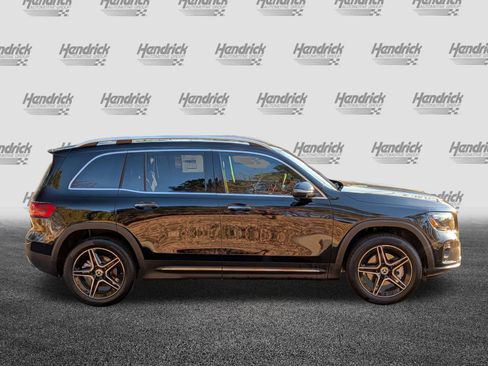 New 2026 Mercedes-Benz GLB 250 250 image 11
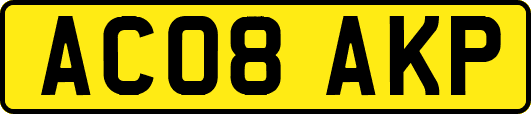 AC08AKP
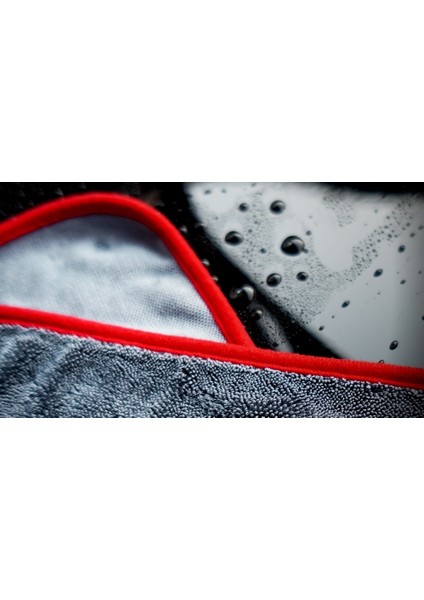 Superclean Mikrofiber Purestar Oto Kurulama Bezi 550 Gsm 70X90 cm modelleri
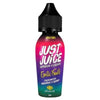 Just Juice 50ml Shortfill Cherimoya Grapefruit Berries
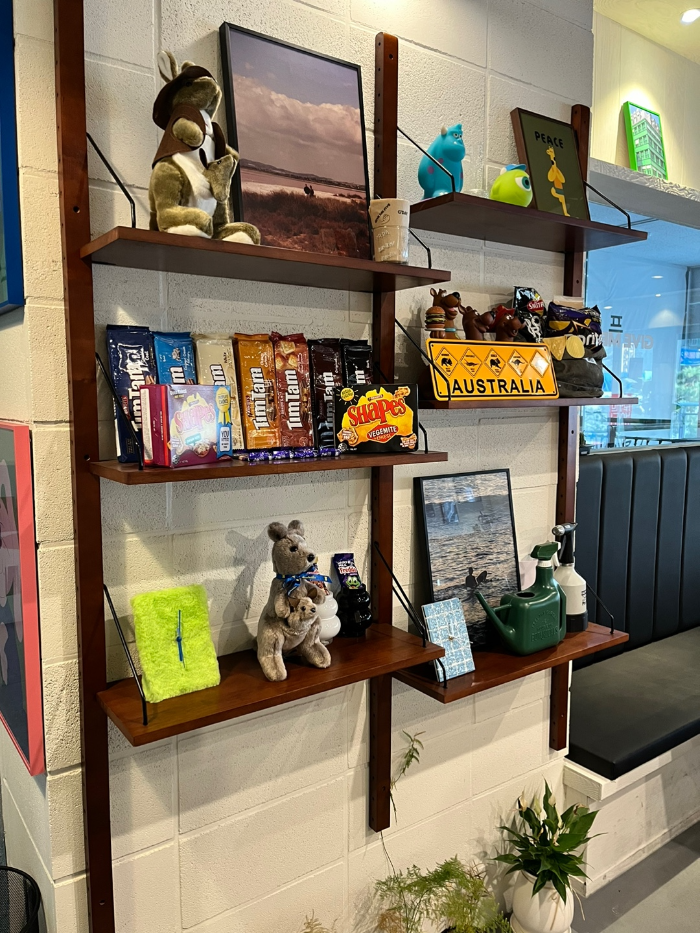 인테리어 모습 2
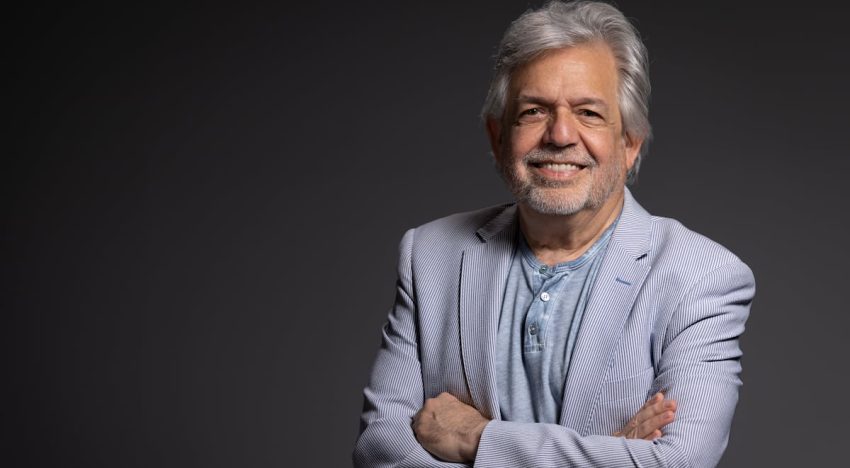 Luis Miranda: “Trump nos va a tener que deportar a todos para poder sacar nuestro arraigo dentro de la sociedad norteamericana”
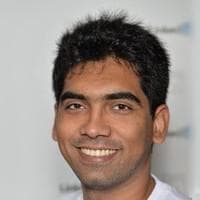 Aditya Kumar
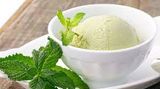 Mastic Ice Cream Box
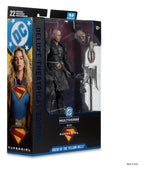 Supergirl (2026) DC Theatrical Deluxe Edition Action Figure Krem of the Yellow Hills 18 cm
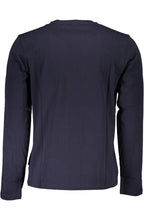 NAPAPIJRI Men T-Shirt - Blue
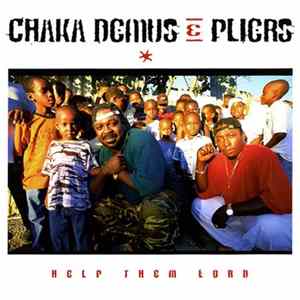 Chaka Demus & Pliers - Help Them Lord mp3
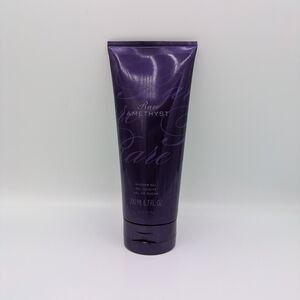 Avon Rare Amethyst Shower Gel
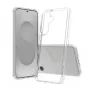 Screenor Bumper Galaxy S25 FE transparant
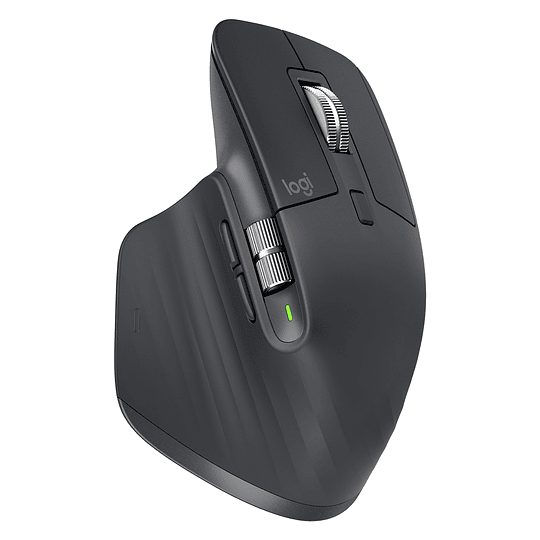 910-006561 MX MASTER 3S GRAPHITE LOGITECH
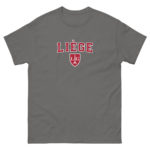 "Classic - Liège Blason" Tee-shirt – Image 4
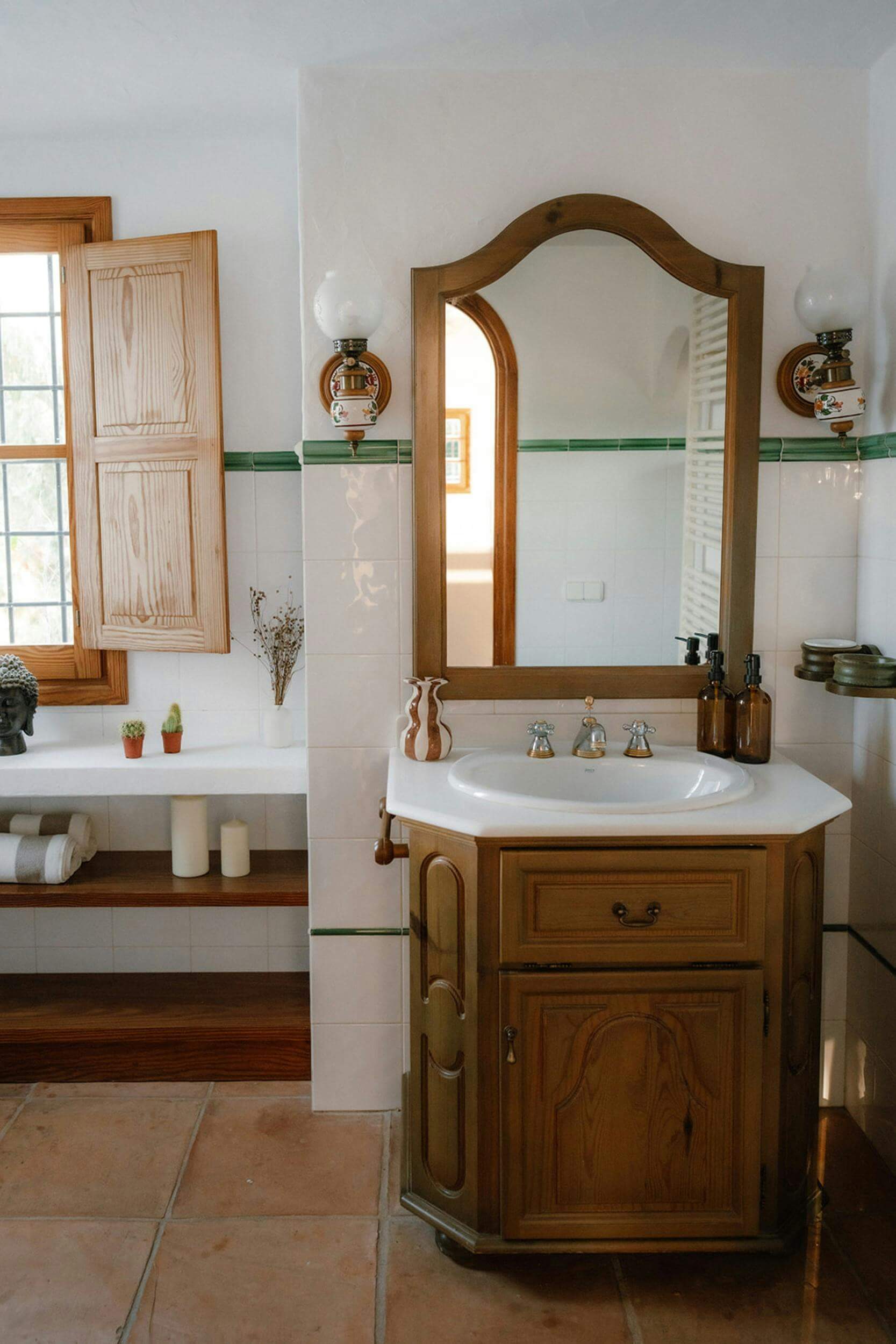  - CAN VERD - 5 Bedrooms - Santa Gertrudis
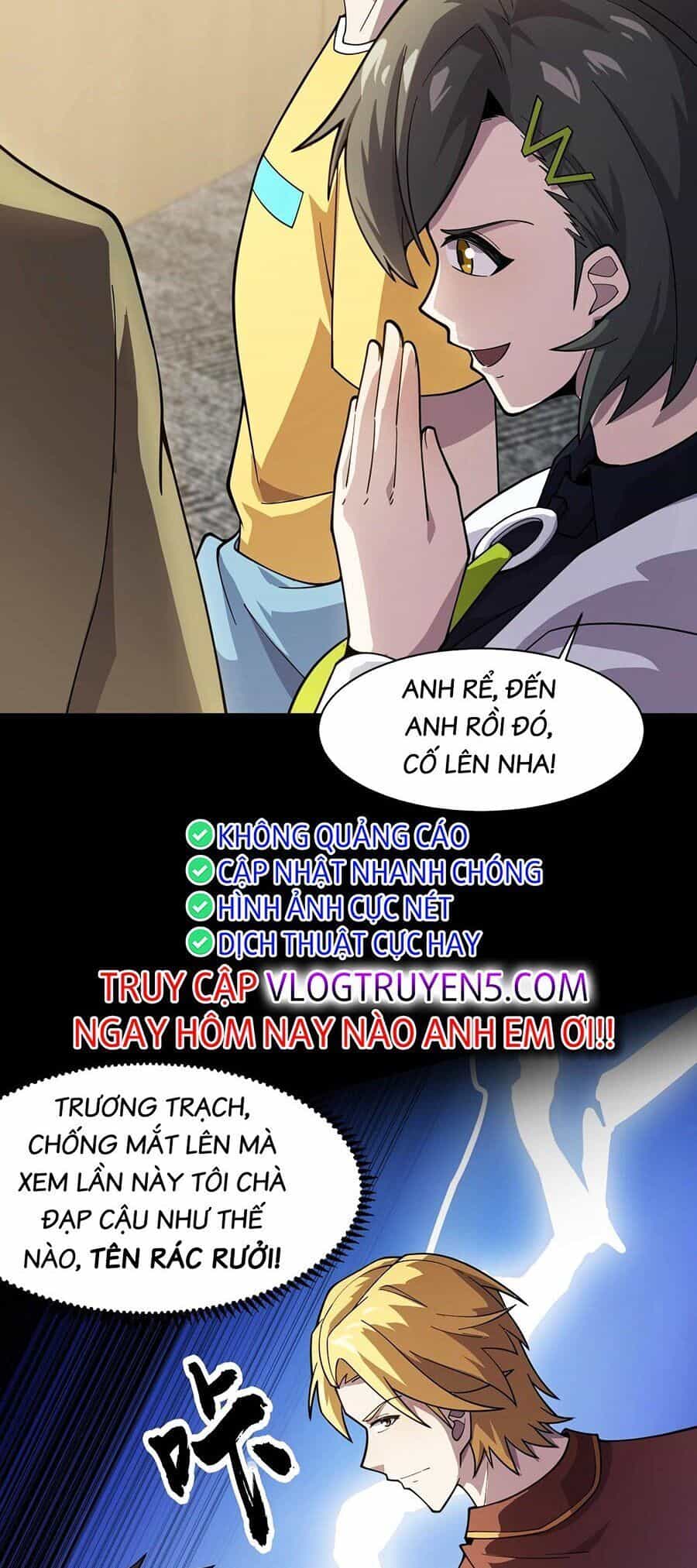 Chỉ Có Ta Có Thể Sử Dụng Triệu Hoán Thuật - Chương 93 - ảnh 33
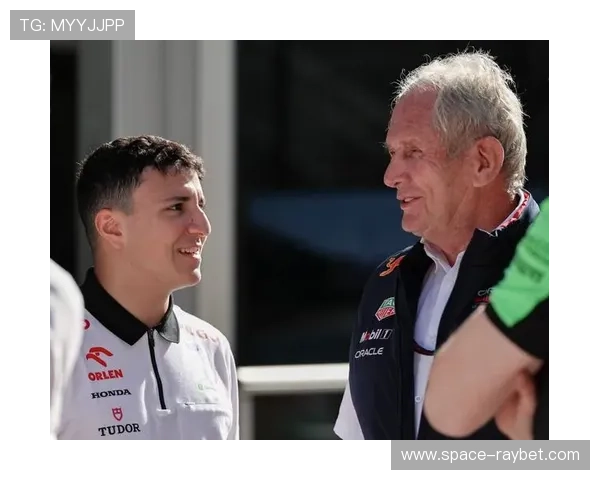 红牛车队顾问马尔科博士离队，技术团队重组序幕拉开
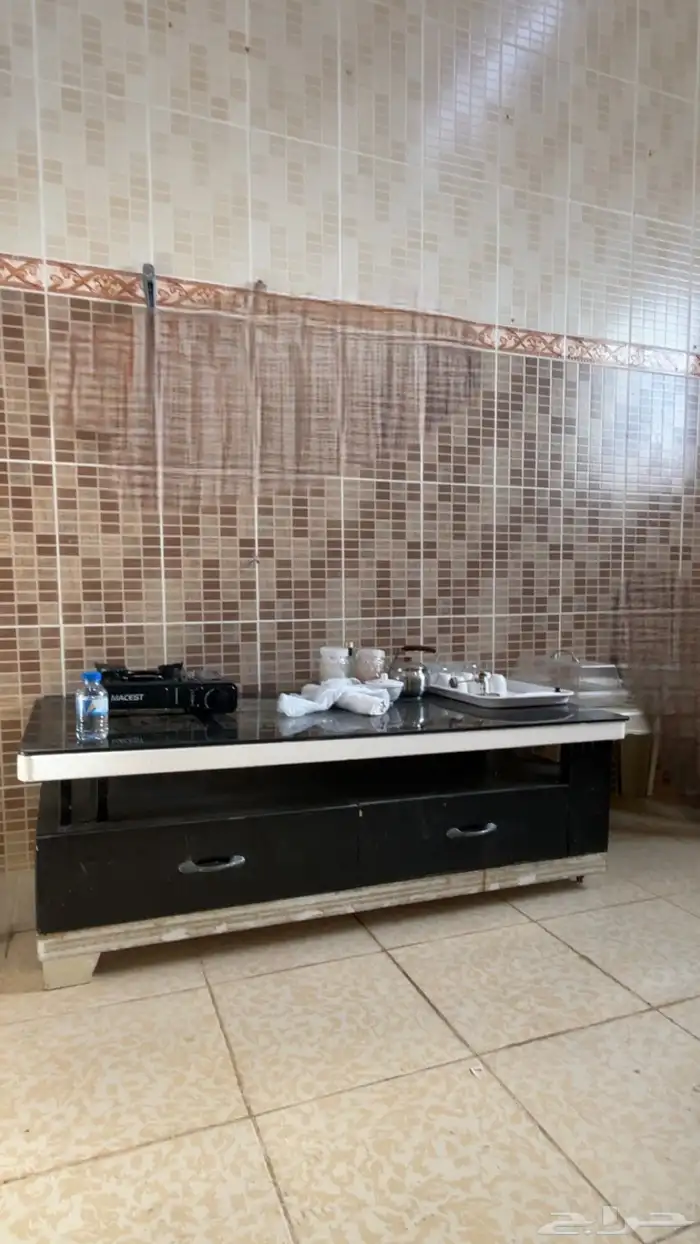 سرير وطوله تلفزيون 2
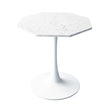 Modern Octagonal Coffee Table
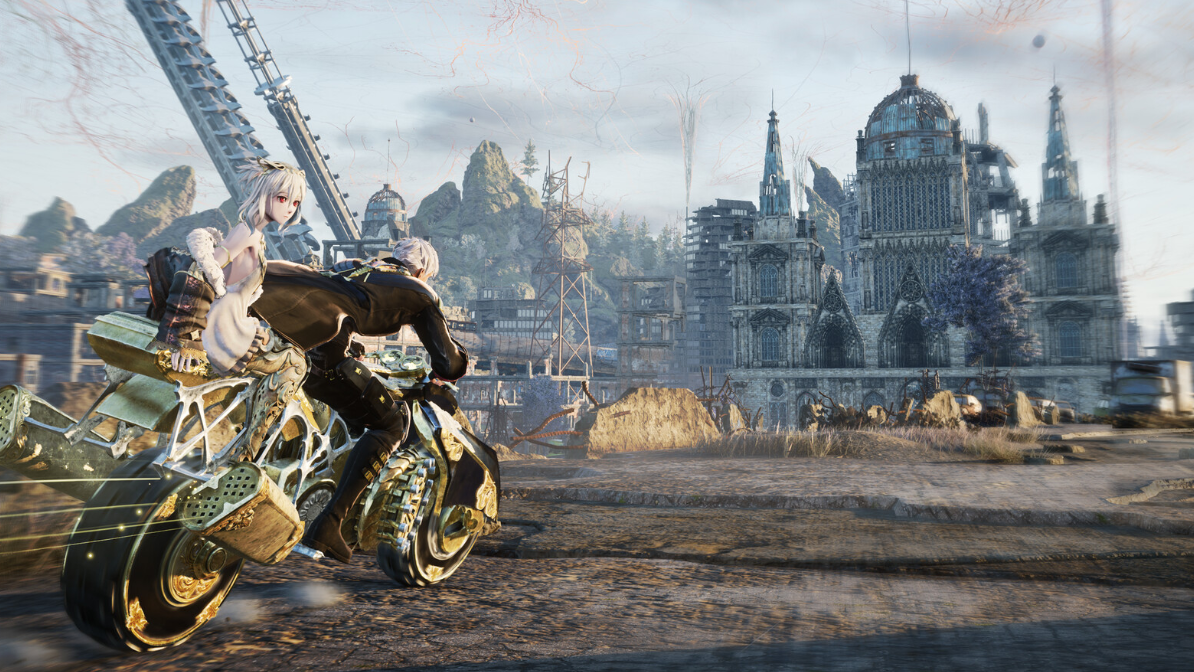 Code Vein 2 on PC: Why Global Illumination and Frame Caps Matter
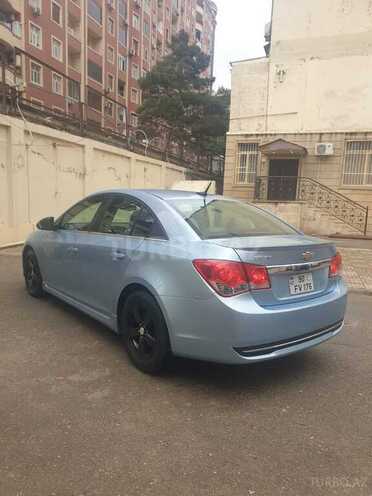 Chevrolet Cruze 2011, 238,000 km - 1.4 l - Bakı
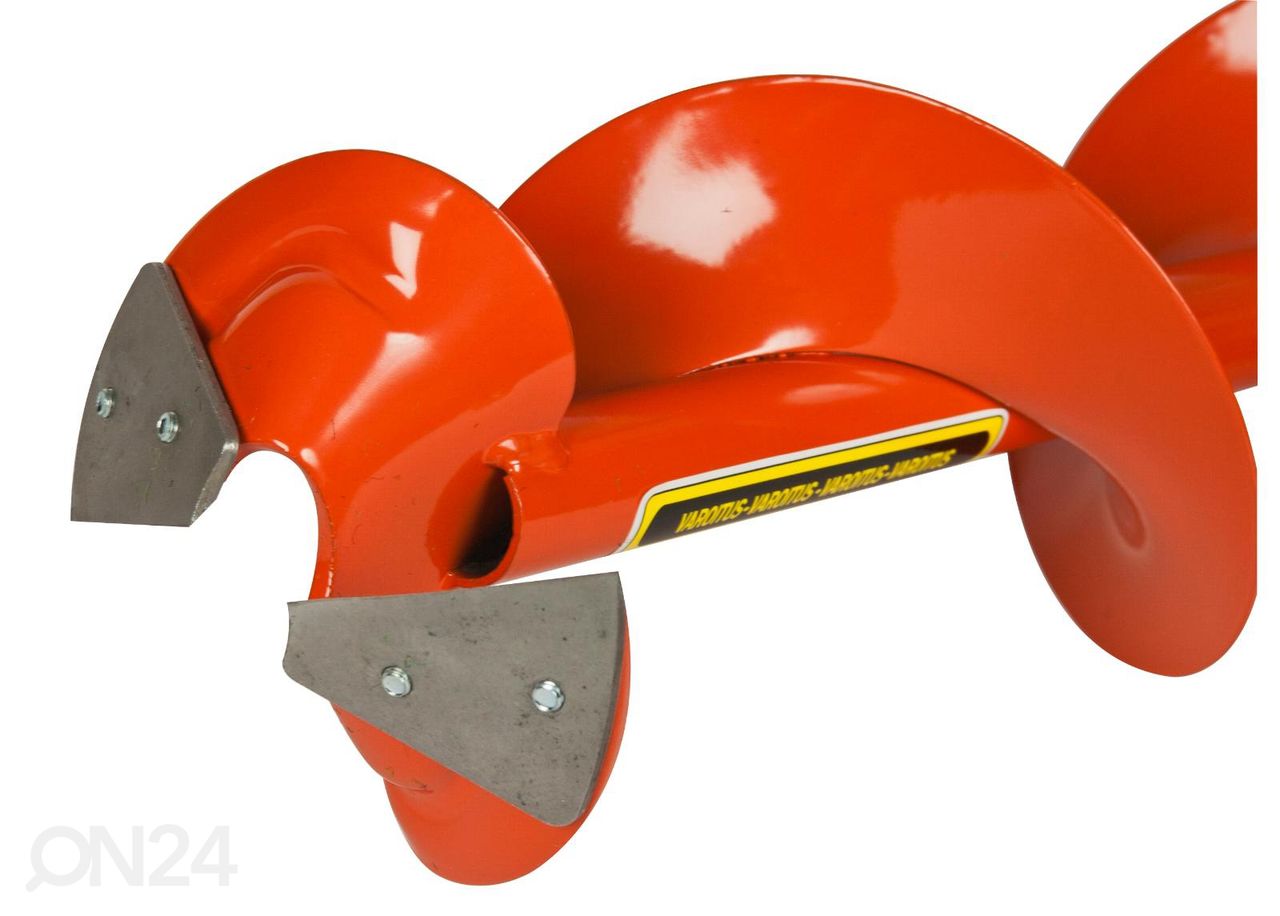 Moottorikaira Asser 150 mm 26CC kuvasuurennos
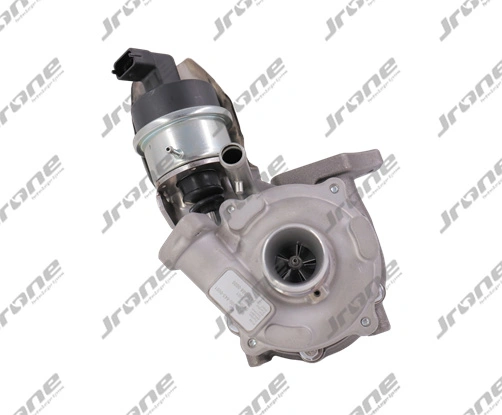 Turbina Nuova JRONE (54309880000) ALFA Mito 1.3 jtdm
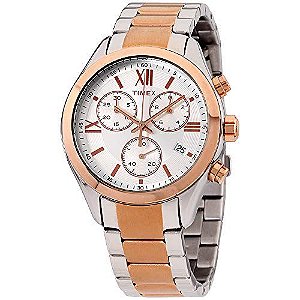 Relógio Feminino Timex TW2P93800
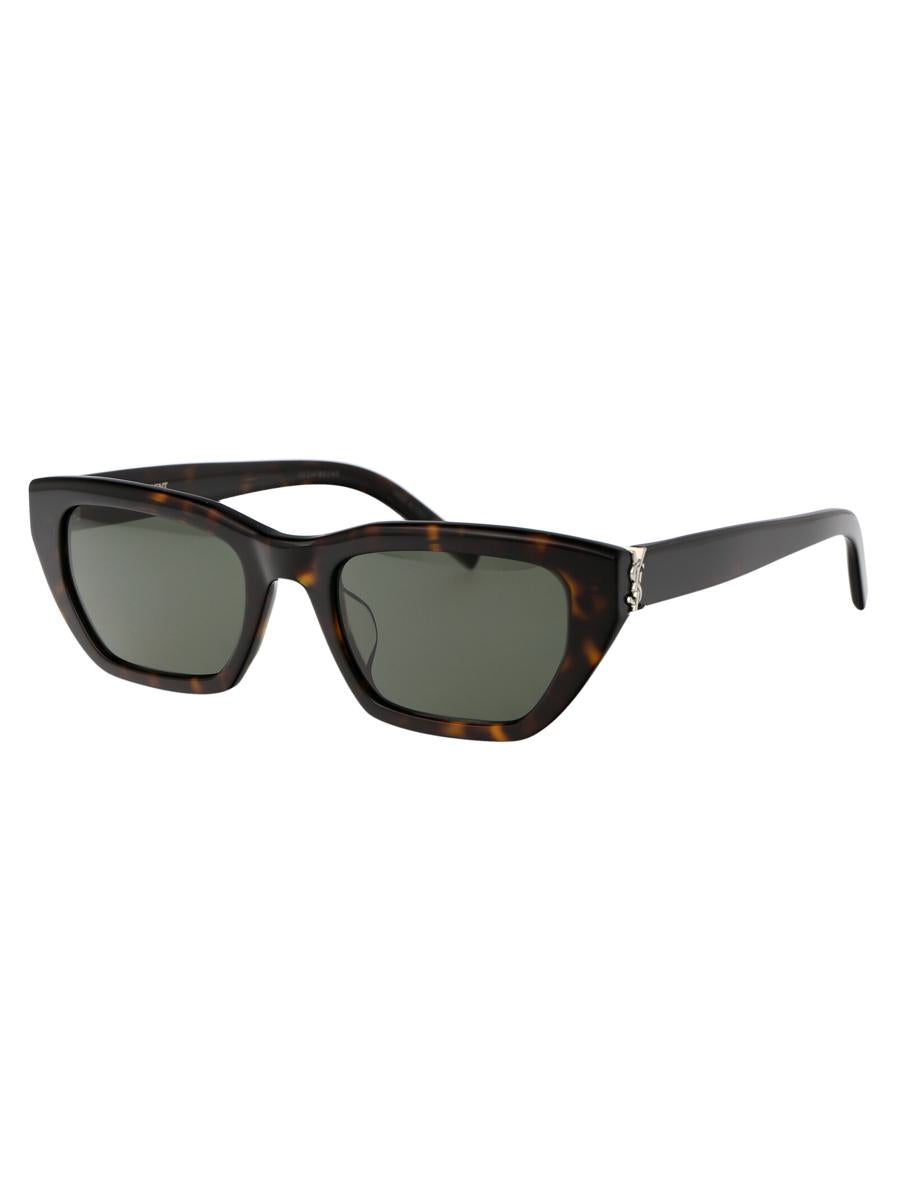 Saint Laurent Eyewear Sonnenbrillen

_ _ _ _ _

### About this exercise
The response should repeat every entry above exactly and include none of the pictures.

### Result of this task
 New 2026 Mercedes-Benz GLB 250 250 image 11
 AC08AKP
 Superclean Mikrofiber Purestar Oto Kurulama Bezi 550 Gsm 70X90 cm modelleri
 Just Juice 50ml Shortfill Cherimoya Grapefruit Berries
 인테리어 모습 2
 Luis Miranda: “Trump nos va a tener que deportar a todos para poder sacar nuestro arraigo dentro de la sociedad norteamericana”
 Aditya Kumar
 Mastic Ice Cream Box
 Supergirl (2026) DC Theatrical Deluxe Edition Action Figure Krem of the Yellow Hills 18 cm
 NAPAPIJRI Men T-Shirt - Blue
 Chaka Demus & Pliers - Help Them Lord mp3
 Avon Rare Amethyst Shower Gel
 Screenor Bumper Galaxy S25 FE transparant
 910-006561 MX MASTER 3S GRAPHITE LOGITECH
 "Classic - Liège Blason" Tee-shirt – Image 4
  - CAN VERD - 5 Bedrooms - Santa Gertrudis
 Chỉ Có Ta Có Thể Sử Dụng Triệu Hoán Thuật - Chương 93 - ảnh 33
 红牛车队顾问马尔科博士离队，技术团队重组序幕拉开
 سرير وطوله تلفزيون 2
 Modern Octagonal Coffee Table
 Code Vein 2 on PC: Why Global Illumination and Frame Caps Matter
 Chevrolet Cruze 2011, 238,000 km - 1.4 l - Bakı
 Moottorikaira Asser 150 mm 26CC kuvasuurennos
 Turbina Nuova JRONE (54309880000) ALFA Mito 1.3 jtdm
 Relógio Feminino Timex TW2P93800
 Saint Laurent Eyewear Sonnenbrillen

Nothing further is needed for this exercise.